2025年3月には、昨年を上回る規模の財政政策や緩和的な金融政策を維持する方針が打ち出され、内需を中心に景気回復を図る姿勢が示されました。中国景気の回復は資源などの需要増加を通じて新興国経済に波及することが期待されることから、新興国株式市場の支援材料になると考えられます。
■これからの世界経済の成長ドライバーは新興国の手中にある
中長期的にも、新興国は世界経済の成長において重要な役割を担い、優位性の獲得と高い成長力を維持することが期待され、株価成長の原動力になると考えられます。
今後も市場の拡大が予想される人工知能(AI)や半導体の分野では、台湾や韓国の企業がサプライチェーンの中で欠かすことのできない存在として高い影響力をもつほか、中国では投資と技術の進歩が加速しており、競争力を高めています。また、特に既存の社会インフラが整備されていない新興国においては、AIやロボット(自動化)技術を触媒として、既存の枠組みや段階的な成長を超えて革新的な技術やサービスを実現する(リープフロッグ現象)潜在的な可能性があると考えられ、高い経済成長に寄与するものと期待されます。そのような技術を含む、高い経済成長に伴う電力需要の増加を、持続可能な形で支える再生エネルギー発電などのグリーン・テクノロジーについても、既存のインフラが整備されていない新興国を中心として、急速に発展を遂げる可能性があると考えられます。さらに半導体や再生可能エネルギー発電に不可欠なレアメタルやレアアースといった希少な資源の産出国が新興国に偏っていることから、新興国には今後の世界経済の成長ドライバーとなりうる要素が多く存在しているといえます。

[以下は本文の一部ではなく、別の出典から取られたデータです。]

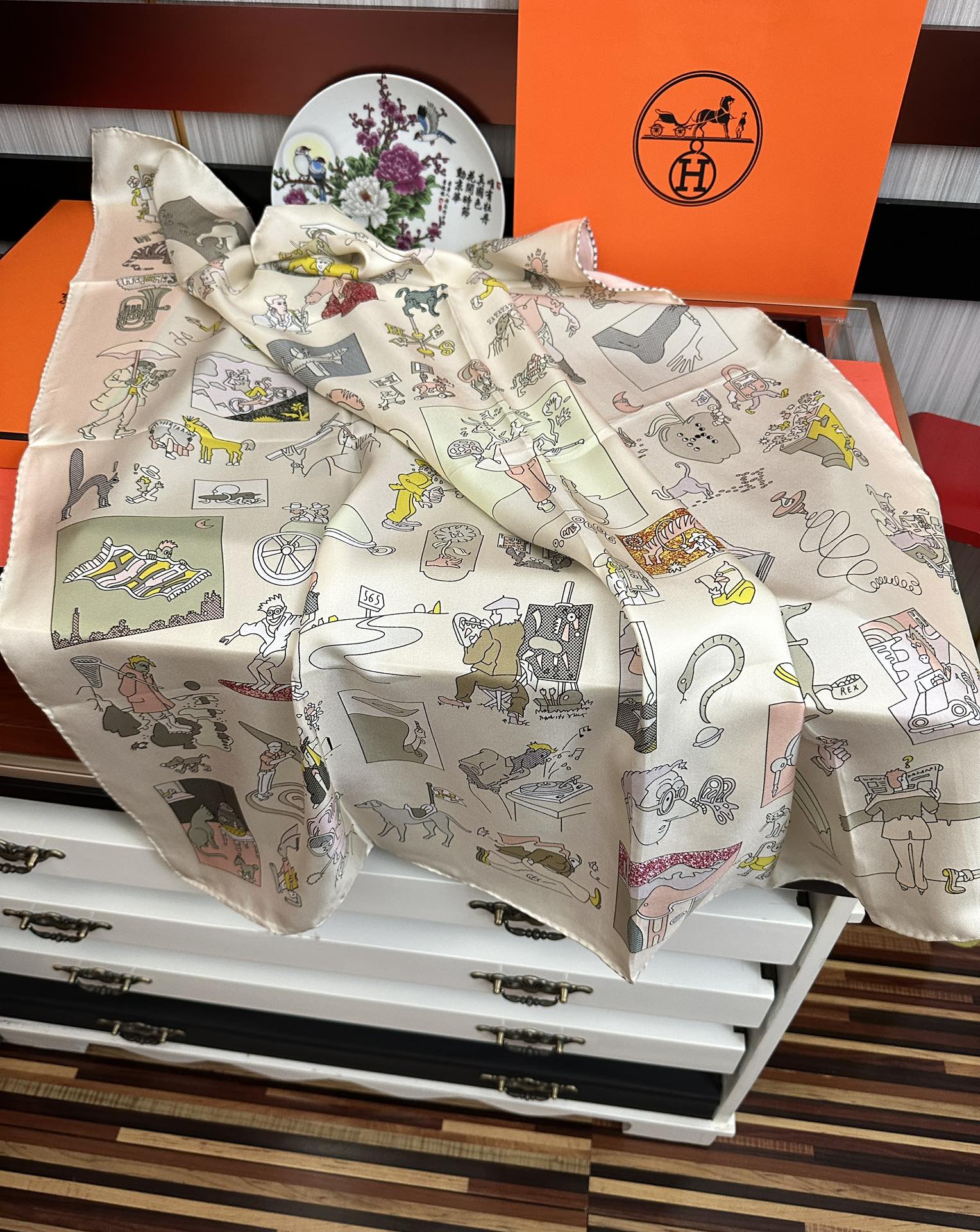 🔥高版本 爱马仕 官网同步 2025新款，精致手工卷边，买到都说好👍下手一定要快高端 大爱❤️女人尤物 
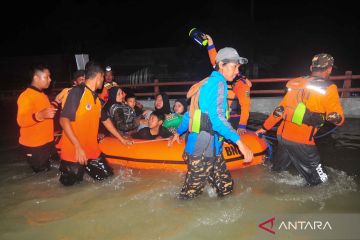 Relawan mengevakuasi korban banjir di Demak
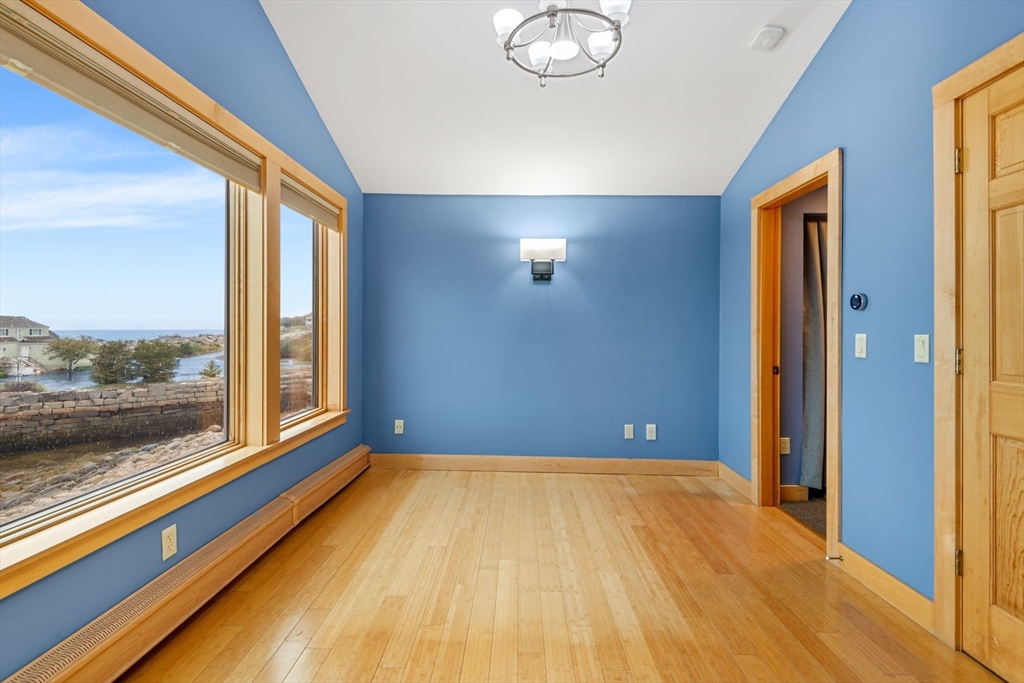 331 Granite St, Folly Cove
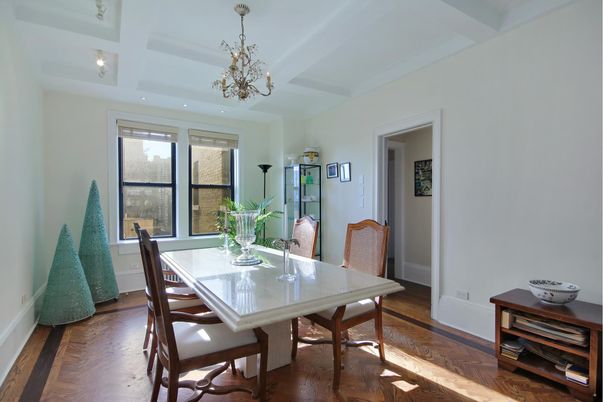 Chandelier, Dining room, Interior, Recessed Lighting, Wood Texture Flooring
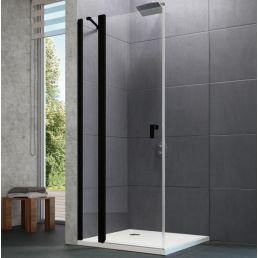 Moderneen kylpyhuoneeseen asennettu kirkas lasinen suihkuseinä mustilla metallikehyksillä, noin 1000 mm leveä ja 2000 mm korkea.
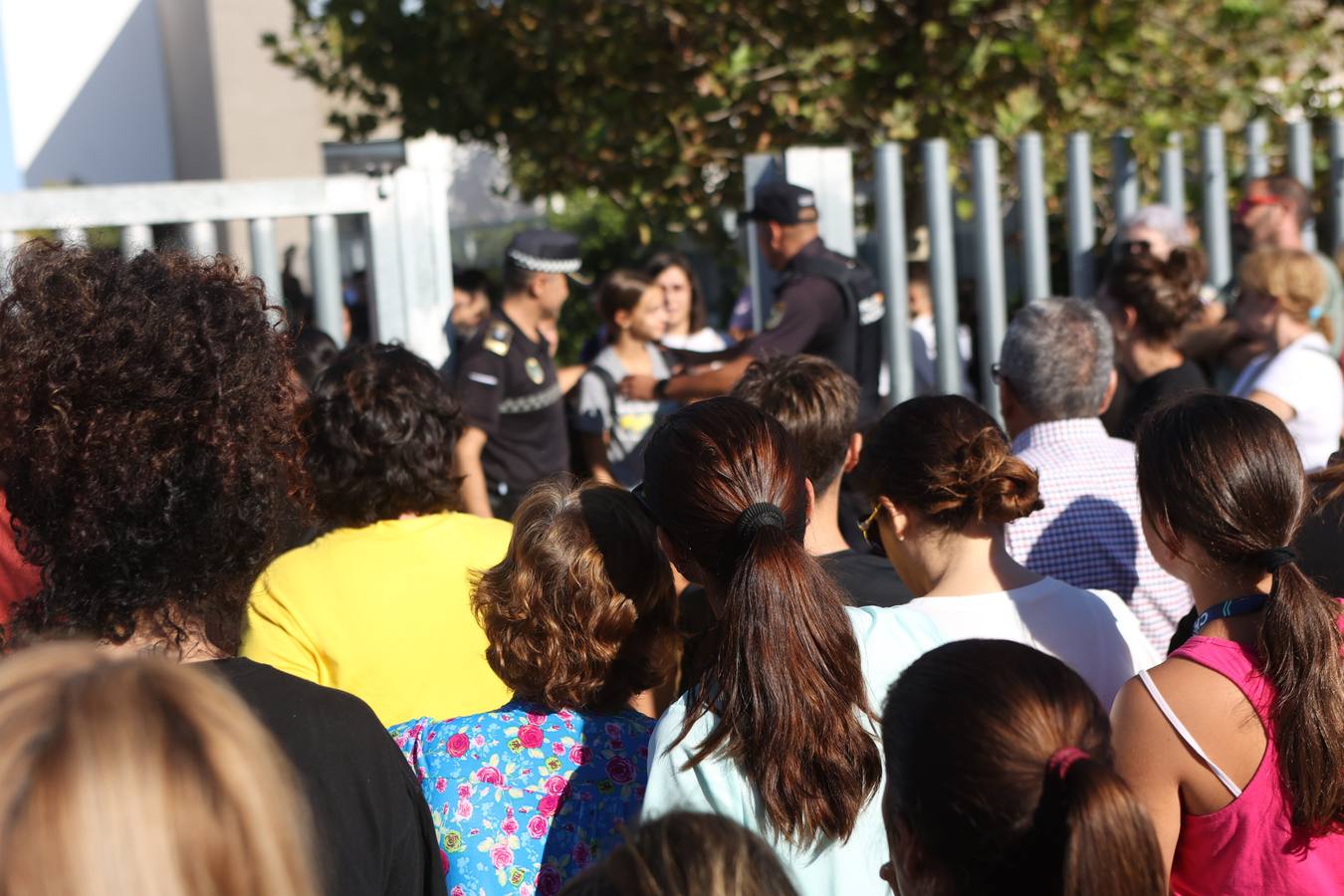 Policías controlan la salida de los alumnos del Instituto de Educación Secundaria (IES) Elena García Armada de Jerez de la Frontera (Cádiz), mientras padres y familiares los esperan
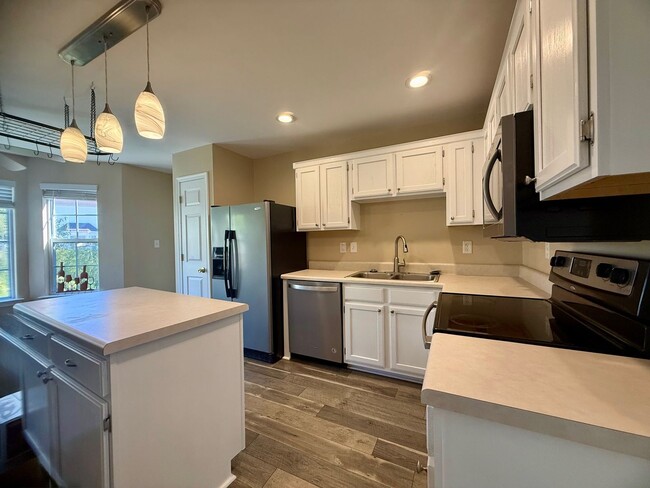 Building Photo - Beautiful 4 Bedroom Home for Rent – Pet Fr...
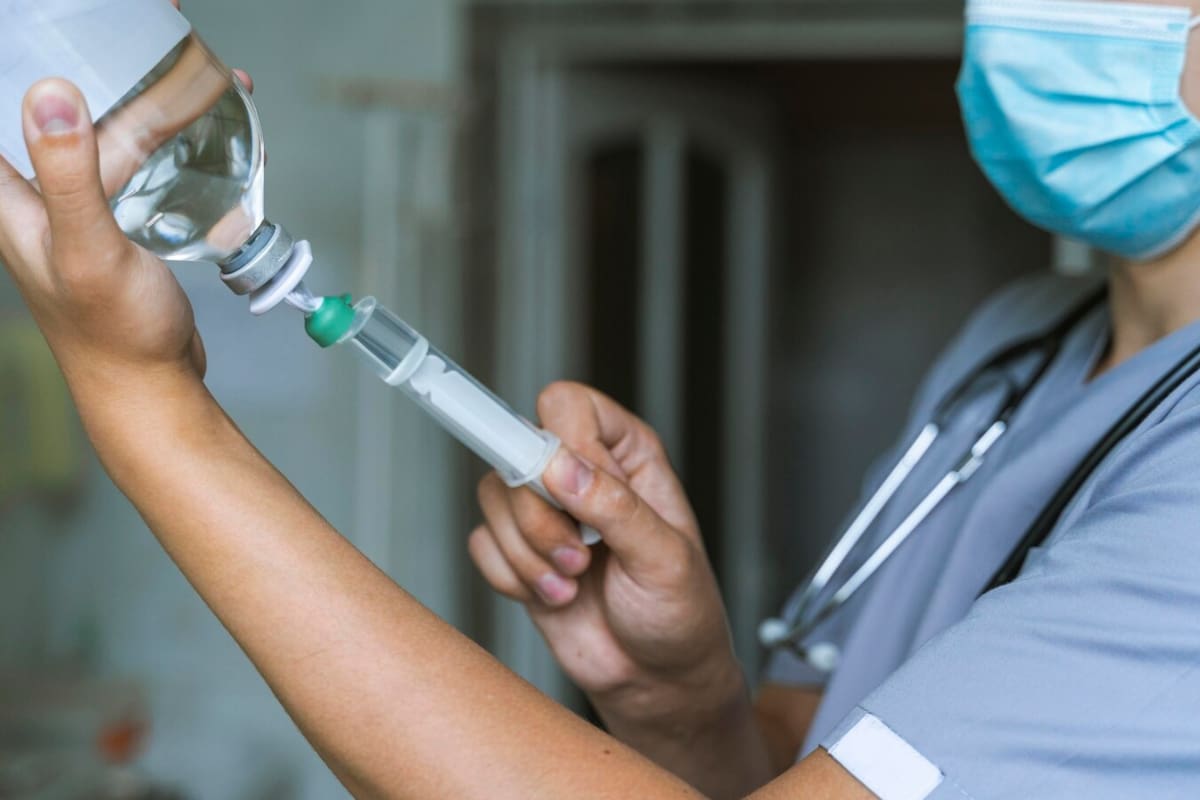 y retira del mercado producto farmacéutico.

米トランプ政権による対中半導体規制やクリーンエネルギー政策の見直し、ウクライナとの鉱物資源協定など、覇権国としての地位の維持を目的とした米国の積極的な動きは、今後の世界経済の主導権が新興国に移りつつあることの裏返しであるかもしれません。
■ 割安な新興国株式市場と魅力的な投資機会
新興国株式の株価バリュエーション(投資価値評価)は、先進国株式と比較して依然として割安な状況にあり、上述のような新興国経済の中長期的な成長見通しを踏まえると、新興国株式市場に投資するうえで魅力的な水準にあるといえます。一方で、予測が不可能な米国の政策による影響など、不確実な要因が多いことも事実であり、その動向によって国・地域や銘柄毎にリターン格差が大きくなることが予想されます。そのため、良好なパフォーマンスを獲得するうえでは、市場環境見通しなどに応じた銘柄選別や機動的な配分が重要になると考えられます。
当ファンドは、配当利回りの相対的な高さや、その持続性に着目した銘柄選別を行い、市場環境見通しに応じた配分の調整を行います。相対的に高い配当の支払いが可能な企業は、財務状況が健全で利益が安定している傾向があると考えられることから、高成長への期待と高いリスクが共存する「玉石混交」の新興国株式市場においては、持続的に高い配当利回りが期待される銘柄に投資することで、中長期的に市場全体を上回るリターンの獲得が可能になると考えます。